Ob Peltzer diesen Umbruch der türkischen Gesellschaft wirklich sinnlich erfahren könnte, wenn er einmal Tarabya-Stipendiat am Bosporus wäre, steht dahin. Denn die Akademie könnte schnell ein luxuriöses Ghetto werden. Denn sie ist rund 18 Kilometer vom Stadtzentrum entfernt, mithin von Stadtteilen wie Beyoglu oder Cihangir, in denen diese Brüche und Verdichtungen mit den Händen zu greifen sind, von der Peltzer spricht. Hier wohnen auch die meisten Künstler und Intellektuellen. Eine glücklichere Hand bewies das Land Nordrhein-Westfalen bei der Auswahl seiner Künstlerresidenz. Das von der Stiftung Kunst und Kultur betriebene „Atelier Galata“ liegt direkt am historischen Galata-Turm, unweit vom Goldenen Horn – mitten in der brodelnden urbanen Szene der 15-Millionen-Metropole.

Merkels Meilenstein

Folgt Außenminister Steinmeier mit dem Projekt noch dem protürkischen Kurs seines einstigen Chefs Gerhard Schröder, verwundert das Interesse der türkeiskeptischen CDU auf den ersten Blick. Freilich liegt die Vermutung nahe, dass sie den türkischen Unmut über die Formel von der „Privilegierten Partnerschaft“ mit einem sichtbaren Zeichen der Zusammenarbeit kompensieren will. 2010 soll die Villa eingeweiht werden. Im selben Jahr ist Istanbul (zusammen mit Essen und Pecs) „Kulturhauptstadt Europas“. Wenn Angela Merkel als wiedergewählte Kanzlerin an den Bosporus reist, will sie nicht mit leeren Händen dastehen.

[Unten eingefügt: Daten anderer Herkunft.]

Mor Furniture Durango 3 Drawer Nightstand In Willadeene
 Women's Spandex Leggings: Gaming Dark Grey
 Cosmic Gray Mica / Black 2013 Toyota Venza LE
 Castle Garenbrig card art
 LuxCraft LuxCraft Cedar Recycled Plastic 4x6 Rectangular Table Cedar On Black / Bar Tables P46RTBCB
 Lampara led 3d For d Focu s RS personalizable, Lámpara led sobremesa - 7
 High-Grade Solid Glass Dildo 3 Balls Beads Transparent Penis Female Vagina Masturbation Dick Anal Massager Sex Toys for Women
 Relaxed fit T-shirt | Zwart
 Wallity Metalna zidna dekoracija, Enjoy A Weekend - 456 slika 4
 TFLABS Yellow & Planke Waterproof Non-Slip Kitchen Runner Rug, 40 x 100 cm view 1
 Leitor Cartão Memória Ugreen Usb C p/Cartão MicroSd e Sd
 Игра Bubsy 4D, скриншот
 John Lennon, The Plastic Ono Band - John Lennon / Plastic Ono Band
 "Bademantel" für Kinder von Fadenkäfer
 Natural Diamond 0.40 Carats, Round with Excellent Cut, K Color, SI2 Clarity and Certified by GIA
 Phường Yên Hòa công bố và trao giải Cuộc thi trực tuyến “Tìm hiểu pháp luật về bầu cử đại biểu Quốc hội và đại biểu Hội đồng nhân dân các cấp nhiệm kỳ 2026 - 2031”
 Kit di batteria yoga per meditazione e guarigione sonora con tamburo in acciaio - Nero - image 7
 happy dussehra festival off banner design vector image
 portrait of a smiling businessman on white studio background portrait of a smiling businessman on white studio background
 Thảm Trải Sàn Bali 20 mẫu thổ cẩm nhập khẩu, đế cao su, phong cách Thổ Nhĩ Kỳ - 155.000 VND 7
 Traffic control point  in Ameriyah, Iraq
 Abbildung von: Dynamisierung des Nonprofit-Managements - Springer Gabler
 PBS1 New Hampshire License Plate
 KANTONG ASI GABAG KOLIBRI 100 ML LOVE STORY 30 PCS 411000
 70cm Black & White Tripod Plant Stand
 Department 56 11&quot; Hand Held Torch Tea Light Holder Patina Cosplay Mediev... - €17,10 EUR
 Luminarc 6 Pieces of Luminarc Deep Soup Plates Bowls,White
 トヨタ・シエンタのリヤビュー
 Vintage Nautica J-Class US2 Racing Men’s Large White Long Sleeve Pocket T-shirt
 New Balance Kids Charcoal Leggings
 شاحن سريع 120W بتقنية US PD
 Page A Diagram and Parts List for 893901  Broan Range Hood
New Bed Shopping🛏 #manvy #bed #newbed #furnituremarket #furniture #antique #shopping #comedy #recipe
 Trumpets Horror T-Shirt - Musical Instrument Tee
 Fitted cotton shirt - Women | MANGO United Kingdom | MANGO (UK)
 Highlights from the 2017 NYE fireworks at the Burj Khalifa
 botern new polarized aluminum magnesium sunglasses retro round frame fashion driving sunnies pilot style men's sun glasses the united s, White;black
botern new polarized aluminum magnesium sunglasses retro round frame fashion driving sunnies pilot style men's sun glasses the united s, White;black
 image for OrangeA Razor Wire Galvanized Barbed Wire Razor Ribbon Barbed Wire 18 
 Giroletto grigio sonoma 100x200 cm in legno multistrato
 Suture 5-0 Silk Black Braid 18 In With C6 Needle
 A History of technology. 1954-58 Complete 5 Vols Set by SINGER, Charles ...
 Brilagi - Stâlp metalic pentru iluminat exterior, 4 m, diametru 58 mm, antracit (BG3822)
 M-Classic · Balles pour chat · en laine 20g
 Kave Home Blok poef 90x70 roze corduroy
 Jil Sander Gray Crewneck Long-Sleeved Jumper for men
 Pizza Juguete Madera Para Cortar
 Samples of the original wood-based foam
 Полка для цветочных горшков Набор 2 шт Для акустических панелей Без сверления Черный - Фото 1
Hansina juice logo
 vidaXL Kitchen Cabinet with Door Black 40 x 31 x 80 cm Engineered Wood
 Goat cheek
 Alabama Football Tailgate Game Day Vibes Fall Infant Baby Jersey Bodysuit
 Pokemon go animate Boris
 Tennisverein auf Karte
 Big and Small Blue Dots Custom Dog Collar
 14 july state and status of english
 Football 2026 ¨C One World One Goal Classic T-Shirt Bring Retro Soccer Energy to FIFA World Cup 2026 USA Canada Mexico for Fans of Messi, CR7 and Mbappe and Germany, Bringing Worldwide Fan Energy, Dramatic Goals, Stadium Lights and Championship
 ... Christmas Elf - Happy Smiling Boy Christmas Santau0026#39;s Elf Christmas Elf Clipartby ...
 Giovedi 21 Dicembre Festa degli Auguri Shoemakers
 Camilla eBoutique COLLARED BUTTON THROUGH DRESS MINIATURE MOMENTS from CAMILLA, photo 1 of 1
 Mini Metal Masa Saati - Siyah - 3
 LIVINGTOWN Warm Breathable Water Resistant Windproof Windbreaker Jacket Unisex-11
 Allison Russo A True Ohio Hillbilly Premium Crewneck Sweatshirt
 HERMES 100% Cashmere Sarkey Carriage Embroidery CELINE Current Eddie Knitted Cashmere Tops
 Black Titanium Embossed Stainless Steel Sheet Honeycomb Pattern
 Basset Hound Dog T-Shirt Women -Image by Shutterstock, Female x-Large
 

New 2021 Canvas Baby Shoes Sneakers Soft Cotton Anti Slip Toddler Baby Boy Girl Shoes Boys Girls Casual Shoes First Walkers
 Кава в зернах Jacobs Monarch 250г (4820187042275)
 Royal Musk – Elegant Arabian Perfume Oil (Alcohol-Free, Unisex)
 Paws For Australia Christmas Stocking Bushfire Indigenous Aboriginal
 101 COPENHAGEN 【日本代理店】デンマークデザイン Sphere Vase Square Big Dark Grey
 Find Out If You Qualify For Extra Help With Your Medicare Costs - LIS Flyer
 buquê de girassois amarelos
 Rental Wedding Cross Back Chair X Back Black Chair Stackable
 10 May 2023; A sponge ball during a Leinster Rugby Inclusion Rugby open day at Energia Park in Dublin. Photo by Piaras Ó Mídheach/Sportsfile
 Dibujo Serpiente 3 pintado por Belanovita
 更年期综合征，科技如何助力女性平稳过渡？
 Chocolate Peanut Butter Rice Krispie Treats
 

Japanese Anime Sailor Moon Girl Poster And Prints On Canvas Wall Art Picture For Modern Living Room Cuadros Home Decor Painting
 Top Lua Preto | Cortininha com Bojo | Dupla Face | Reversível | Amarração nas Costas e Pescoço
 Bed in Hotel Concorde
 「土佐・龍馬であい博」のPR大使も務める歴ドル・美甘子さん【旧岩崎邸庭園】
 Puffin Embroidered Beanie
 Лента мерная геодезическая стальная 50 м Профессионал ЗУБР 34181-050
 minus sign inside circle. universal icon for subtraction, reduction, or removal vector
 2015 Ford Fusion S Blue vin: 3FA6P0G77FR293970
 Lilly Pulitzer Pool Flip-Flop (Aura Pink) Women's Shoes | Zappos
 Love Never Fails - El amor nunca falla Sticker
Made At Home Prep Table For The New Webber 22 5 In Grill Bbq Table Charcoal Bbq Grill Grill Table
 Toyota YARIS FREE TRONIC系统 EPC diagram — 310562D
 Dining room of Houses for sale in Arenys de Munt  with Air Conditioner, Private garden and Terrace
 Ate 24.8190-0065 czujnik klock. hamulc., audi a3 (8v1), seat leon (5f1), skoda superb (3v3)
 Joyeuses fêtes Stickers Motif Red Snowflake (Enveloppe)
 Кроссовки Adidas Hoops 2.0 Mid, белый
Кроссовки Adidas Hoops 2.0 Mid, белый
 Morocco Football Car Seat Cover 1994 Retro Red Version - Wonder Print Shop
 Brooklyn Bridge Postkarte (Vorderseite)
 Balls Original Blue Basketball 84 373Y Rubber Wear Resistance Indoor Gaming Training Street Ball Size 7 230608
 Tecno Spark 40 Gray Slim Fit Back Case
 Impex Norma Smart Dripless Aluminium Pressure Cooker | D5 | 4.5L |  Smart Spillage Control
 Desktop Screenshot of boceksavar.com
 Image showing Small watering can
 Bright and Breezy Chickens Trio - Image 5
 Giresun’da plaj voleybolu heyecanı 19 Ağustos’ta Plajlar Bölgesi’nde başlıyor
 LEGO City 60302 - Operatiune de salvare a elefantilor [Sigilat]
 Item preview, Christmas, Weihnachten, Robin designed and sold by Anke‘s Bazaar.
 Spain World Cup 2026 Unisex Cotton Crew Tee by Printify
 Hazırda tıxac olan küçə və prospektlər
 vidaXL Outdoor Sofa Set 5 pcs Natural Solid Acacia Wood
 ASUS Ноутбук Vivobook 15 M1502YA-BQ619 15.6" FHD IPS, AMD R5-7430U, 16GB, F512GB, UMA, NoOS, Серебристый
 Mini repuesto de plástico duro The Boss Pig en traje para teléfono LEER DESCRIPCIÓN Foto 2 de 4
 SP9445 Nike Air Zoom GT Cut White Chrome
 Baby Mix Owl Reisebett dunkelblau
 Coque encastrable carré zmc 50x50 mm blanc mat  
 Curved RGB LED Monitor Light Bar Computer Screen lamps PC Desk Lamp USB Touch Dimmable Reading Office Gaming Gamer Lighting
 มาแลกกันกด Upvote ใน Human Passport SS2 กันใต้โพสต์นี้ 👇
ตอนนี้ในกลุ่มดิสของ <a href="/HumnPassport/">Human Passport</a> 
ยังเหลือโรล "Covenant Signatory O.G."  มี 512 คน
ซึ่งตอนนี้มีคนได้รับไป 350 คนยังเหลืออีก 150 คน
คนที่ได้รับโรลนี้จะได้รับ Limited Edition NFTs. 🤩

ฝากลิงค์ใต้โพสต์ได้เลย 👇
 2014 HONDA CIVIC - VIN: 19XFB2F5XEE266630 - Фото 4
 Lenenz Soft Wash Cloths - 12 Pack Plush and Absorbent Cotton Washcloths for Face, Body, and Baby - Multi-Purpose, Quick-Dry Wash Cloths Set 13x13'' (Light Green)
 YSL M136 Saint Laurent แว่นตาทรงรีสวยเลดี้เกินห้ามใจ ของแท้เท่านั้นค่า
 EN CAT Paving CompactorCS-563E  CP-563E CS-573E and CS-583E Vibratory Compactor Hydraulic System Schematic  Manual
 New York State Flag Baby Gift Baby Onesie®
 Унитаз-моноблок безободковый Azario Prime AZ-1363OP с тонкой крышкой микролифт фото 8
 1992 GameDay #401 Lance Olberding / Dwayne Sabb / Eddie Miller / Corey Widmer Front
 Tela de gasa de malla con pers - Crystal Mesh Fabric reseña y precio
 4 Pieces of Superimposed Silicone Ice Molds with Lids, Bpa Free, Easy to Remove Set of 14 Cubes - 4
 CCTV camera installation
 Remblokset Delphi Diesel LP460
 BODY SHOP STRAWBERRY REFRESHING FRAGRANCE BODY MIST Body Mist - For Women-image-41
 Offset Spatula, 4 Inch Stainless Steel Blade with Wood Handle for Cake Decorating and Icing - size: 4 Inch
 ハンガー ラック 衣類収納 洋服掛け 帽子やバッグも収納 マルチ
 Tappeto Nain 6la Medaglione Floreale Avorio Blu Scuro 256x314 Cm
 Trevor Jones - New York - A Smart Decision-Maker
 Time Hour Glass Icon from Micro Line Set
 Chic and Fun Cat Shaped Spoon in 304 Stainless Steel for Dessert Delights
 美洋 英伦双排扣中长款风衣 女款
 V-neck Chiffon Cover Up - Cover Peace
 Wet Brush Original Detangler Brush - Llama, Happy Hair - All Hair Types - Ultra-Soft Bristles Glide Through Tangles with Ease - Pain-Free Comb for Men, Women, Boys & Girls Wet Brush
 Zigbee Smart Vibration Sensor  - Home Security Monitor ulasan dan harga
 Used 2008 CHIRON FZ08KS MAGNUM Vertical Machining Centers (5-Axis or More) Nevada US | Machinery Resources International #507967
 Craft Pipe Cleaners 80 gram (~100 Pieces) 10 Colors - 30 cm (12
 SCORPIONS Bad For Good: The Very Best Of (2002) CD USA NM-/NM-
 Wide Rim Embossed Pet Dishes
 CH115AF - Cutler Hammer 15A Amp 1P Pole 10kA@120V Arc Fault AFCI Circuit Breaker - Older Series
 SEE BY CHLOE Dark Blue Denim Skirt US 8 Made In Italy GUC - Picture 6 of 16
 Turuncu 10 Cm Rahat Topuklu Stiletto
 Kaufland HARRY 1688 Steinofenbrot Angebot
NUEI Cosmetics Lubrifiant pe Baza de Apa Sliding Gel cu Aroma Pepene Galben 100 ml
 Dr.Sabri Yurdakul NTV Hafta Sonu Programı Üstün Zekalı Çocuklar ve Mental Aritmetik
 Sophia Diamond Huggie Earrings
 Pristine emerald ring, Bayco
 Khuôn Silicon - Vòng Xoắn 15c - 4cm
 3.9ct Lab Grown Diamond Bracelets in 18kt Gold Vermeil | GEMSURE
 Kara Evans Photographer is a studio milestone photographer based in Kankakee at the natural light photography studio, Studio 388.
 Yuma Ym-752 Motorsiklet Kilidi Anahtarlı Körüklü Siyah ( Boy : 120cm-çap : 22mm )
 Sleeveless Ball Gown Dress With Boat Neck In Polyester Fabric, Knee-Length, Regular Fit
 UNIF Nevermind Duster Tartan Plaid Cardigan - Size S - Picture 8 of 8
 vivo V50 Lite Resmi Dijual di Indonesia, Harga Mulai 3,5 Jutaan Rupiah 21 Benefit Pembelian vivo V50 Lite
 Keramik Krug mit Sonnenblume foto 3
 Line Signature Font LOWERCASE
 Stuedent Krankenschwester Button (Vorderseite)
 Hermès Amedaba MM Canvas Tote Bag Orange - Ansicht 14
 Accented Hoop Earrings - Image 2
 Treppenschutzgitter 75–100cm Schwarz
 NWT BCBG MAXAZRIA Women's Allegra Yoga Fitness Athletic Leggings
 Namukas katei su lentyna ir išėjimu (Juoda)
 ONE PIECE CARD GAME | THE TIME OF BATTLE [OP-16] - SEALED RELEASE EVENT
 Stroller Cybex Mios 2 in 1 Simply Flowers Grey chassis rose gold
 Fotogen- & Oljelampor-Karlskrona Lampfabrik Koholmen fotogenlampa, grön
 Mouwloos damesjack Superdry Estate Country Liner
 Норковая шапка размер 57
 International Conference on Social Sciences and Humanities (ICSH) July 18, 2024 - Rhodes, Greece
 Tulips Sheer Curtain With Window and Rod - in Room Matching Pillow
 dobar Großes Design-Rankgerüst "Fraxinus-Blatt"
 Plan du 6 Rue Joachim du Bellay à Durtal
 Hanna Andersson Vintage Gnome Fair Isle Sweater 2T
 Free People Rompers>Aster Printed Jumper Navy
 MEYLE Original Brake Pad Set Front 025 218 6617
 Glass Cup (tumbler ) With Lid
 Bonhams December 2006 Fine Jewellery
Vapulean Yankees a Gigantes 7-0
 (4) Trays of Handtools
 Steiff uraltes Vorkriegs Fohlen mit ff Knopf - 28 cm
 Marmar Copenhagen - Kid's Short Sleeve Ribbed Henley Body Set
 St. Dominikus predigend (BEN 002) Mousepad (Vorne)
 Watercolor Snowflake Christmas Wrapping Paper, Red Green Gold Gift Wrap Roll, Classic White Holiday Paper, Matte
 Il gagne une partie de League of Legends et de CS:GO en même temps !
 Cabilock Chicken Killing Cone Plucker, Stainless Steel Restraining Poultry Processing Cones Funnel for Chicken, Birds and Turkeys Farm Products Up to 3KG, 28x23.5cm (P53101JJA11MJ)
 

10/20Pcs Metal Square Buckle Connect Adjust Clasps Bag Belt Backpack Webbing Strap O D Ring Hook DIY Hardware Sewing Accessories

Der Regierungschefin rutschen bei dem Projekt aufschlussreiche Untertöne heraus. Als sie kürzlich bei der Ausstellung der Arbeit der Massimo-Stipendiaten im Berliner Gropius-Bau davon sprach, dass die „deutsche Kultur nicht denkbar ohne europäische Einflüsse“ sei, und die künftige Villa am Bosporus euphorisch zu einem „Meilenstein“ stilisierte, konnte man den Eindruck gewinnen: Offenbar zählt Angela Merkel die Türkei doch zu Europa.